RAH is common and has a more aggressive clinical course, including increased mortality. Patients surviving an episode of AH should undergo intense alcohol use disorder therapy to prevent RAH.
在经历一次酒精性肝炎(AH)发作后,酒精复发很常见。然而,复发性酒精性肝炎(RAH)的临床特征、危险因素和预后意义尚未得到很好的描述。

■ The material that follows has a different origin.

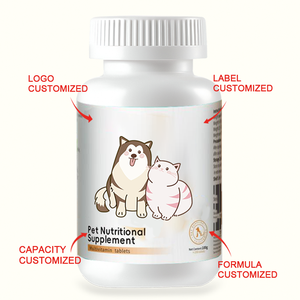 Complément Nutritionnel Universel OEM/ODM <span class=keywords><strong>pour</strong></span> Animaux de Compagnie (Chiens et Chats) – Complément de Santé Personnalisé en Comprimés Vitaminés - Product Image 2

对 2014 年至 2021 年间在西班牙 28 家医院因 AH 发作住院的患者进行了一项基于登记的研究。收集了基线人口统计学和实验室变量。使用 Cox 回归分析探讨了 RAH 的危险因素。我们分析了指数 AH 发作的严重程度,并将其与 RAH 进行了比较。通过 Kaplan-Meier 曲线和对数秩检验评估长期生存情况。共纳入 1118 例患者进行分析,其中 125 例(11%)在随访期间发生 RAH(中位数:17 [7-36] 个月)。在恢复饮酒的患者中,RAH 的发生率为 22%。复发的中位时间为 14(8-29)个月。患有 RAH 的患者有更多的精神共病。发生 RAH 的危险因素包括年龄<50 岁、酒精使用量>10 U/d 和肝功能失代偿史。与首次 AH 相比,RAH 的临床更严重(MELD 更高、更频繁的 ACLF 和 HE)。此外,在 RAH 后随访期间戒酒的患者较少(18%对 45%,p<0.001)。最重要的是,发生 RAH 的患者长期死亡率更高(39%对 21%,p=0.026),并且 RAH 的发生独立预测死亡率高(HR:1.55 [1.11-2.18])。
RAH 很常见,且具有更具侵袭性的临床过程,包括更高的死亡率。幸存 AH 发作的患者应接受强烈的酒精使用障碍治疗,以预防 RAH。